Collected data
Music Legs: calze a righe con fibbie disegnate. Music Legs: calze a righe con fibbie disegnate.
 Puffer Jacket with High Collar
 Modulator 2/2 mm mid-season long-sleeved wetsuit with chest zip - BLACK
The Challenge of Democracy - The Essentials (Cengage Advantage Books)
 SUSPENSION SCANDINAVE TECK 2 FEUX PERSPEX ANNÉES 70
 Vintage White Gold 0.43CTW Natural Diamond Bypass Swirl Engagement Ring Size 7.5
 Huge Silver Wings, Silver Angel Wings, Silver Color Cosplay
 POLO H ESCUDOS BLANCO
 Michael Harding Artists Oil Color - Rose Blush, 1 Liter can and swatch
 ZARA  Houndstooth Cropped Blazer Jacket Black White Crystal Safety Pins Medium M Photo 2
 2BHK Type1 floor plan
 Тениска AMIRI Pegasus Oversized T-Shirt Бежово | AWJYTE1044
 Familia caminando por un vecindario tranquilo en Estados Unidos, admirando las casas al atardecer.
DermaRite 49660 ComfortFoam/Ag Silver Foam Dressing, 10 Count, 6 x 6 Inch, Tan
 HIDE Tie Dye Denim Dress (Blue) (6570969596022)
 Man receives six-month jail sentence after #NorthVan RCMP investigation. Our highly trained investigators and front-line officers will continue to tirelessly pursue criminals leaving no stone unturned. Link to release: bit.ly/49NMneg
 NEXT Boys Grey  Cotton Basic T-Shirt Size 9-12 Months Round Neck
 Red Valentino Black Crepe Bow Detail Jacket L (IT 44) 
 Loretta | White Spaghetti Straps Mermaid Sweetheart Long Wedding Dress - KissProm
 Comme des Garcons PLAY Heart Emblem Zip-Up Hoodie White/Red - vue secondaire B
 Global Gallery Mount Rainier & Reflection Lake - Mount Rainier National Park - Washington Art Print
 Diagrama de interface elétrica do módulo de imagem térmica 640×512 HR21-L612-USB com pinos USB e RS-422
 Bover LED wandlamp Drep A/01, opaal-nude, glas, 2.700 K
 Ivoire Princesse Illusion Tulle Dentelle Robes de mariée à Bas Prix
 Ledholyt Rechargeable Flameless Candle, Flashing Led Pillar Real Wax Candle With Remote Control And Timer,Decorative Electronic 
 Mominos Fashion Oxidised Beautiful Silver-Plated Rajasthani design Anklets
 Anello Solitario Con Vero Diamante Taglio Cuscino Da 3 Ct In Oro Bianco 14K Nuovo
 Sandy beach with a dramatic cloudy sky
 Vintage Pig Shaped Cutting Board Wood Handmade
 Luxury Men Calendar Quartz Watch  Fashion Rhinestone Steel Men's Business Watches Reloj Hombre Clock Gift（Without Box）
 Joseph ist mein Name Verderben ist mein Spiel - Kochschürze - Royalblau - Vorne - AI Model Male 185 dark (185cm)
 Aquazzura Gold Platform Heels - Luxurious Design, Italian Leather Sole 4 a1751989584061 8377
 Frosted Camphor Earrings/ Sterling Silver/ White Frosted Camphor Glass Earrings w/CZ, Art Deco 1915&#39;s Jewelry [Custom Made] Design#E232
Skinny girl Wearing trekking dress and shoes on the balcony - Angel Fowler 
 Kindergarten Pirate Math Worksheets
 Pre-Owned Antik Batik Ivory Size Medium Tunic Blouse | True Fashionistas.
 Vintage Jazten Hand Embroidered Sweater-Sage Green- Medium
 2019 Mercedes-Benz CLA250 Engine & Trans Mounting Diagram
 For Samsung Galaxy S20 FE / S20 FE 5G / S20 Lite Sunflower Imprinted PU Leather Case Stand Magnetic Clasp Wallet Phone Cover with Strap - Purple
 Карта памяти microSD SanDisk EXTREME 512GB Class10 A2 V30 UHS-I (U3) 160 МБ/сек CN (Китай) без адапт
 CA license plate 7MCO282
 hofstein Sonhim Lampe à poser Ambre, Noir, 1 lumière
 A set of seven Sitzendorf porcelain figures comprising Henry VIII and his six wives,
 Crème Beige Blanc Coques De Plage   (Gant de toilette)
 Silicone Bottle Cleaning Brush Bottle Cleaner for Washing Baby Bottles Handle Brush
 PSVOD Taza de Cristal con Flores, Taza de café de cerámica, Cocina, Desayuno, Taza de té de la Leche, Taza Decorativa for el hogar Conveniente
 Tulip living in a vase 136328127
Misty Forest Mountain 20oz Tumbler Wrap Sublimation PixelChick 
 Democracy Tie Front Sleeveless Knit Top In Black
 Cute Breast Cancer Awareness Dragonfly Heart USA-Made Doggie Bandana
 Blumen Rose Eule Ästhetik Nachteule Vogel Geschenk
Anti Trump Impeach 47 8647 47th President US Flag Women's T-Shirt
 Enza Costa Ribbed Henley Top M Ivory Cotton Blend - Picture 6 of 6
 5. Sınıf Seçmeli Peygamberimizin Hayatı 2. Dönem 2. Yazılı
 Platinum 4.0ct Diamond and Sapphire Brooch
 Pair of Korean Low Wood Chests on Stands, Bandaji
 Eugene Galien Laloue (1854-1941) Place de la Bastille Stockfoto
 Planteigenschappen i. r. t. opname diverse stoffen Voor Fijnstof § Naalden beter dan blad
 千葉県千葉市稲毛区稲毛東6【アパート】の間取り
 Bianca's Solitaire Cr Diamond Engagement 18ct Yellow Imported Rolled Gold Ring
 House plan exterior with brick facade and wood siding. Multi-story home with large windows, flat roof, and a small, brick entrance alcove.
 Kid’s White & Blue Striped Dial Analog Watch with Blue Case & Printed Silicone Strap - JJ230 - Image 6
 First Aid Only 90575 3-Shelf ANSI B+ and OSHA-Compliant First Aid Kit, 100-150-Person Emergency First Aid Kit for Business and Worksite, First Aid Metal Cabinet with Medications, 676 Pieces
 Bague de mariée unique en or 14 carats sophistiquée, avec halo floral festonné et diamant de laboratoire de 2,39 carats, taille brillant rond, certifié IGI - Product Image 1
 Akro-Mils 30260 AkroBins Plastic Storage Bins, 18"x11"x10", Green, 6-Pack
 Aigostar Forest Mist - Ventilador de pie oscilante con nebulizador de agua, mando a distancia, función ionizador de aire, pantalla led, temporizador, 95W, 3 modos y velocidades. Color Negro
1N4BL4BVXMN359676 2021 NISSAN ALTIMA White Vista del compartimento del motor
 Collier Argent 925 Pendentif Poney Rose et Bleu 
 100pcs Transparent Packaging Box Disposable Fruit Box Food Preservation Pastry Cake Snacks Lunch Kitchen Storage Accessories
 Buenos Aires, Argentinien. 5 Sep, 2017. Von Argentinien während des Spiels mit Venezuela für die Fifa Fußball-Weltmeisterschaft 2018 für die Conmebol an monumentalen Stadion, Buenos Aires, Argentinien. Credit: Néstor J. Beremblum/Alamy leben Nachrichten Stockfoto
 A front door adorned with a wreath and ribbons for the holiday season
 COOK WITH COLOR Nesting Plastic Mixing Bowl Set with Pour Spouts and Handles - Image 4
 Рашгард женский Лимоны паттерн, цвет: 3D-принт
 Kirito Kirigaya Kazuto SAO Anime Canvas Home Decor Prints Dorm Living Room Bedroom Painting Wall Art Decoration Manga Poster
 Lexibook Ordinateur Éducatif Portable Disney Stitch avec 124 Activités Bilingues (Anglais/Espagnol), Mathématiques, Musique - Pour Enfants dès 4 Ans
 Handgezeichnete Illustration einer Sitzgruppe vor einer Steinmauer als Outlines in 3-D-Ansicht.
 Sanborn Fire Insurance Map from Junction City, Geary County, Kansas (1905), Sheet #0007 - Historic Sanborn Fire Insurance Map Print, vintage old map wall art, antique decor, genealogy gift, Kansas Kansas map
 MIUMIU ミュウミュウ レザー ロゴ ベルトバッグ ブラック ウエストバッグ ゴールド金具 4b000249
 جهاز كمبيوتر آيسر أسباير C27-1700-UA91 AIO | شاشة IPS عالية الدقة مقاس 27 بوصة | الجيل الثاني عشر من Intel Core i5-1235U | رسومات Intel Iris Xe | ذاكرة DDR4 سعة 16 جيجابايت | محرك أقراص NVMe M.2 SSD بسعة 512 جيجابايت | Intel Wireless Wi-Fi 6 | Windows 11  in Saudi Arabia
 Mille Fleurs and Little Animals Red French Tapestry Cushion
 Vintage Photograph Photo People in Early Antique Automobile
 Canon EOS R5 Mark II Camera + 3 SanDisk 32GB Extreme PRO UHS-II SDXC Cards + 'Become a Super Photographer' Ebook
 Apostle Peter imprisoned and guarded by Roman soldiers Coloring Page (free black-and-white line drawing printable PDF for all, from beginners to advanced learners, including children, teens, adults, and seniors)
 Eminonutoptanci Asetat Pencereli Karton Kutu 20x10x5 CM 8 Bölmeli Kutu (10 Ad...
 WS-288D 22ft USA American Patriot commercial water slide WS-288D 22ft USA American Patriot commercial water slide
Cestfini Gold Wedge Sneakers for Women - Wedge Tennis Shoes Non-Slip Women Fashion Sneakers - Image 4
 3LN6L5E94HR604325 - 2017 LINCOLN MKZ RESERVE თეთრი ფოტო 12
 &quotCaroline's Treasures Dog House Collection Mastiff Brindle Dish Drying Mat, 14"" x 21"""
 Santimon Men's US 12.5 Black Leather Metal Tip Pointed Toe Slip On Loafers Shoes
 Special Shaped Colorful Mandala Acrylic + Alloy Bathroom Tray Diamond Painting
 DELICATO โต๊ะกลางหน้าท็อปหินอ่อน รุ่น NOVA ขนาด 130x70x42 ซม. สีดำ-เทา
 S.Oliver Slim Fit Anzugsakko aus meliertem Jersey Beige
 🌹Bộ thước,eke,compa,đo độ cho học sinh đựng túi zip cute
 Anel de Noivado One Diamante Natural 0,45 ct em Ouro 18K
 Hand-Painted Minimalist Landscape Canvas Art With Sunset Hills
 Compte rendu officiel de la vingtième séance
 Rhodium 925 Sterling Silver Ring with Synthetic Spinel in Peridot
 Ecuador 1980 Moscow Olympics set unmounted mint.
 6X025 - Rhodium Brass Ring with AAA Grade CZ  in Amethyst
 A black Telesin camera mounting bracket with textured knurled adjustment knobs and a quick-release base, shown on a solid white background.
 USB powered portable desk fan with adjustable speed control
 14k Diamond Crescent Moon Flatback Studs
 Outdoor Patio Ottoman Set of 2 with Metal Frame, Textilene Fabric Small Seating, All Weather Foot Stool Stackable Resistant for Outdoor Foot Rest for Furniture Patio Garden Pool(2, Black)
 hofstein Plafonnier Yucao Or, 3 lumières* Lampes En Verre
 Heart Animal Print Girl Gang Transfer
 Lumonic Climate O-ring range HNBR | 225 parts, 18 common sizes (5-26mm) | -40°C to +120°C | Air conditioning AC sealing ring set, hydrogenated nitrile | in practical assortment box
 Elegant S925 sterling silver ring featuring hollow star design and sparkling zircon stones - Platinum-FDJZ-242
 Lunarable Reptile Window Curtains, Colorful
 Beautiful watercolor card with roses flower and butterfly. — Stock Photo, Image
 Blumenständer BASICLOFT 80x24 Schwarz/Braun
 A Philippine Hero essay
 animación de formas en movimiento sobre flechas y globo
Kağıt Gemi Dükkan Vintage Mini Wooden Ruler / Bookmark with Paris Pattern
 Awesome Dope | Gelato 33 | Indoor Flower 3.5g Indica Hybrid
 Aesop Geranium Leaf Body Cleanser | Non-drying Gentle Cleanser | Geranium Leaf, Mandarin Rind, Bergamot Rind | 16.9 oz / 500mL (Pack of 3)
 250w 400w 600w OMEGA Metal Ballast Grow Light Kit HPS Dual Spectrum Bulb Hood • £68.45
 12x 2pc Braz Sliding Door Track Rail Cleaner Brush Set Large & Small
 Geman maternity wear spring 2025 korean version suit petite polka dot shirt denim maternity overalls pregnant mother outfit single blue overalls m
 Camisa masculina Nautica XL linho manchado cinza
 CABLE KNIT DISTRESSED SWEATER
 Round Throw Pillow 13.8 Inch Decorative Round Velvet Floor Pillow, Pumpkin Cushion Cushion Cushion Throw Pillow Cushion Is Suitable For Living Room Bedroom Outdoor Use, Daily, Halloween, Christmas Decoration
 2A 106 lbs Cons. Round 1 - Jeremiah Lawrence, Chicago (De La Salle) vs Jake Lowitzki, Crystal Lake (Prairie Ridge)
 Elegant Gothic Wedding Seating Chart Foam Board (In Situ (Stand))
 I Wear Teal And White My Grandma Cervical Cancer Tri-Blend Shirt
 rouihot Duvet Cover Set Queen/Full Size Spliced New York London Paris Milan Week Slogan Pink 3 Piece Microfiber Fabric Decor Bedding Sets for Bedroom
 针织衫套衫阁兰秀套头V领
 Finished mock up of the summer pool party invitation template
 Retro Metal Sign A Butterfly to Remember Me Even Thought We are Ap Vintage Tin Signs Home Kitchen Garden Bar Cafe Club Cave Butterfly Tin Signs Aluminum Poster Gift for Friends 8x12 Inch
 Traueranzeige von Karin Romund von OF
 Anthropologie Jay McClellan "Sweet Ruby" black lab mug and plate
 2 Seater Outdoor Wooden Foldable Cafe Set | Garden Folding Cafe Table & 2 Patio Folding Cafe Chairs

* Task description
Copy all lines from the entries that contain the word "Gold".

* Reply to the exercise
 Vintage White Gold 0.43CTW Natural Diamond Bypass Swirl Engagement Ring Size 7.5
 Aquazzura Gold Platform Heels - Luxurious Design, Italian Leather Sole 4 a1751989584061 8377
 Bianca's Solitaire Cr Diamond Engagement 18ct Yellow Imported Rolled Gold Ring
Cestfini Gold Wedge Sneakers for Women - Wedge Tennis Shoes Non-Slip Women Fashion Sneakers - Image 4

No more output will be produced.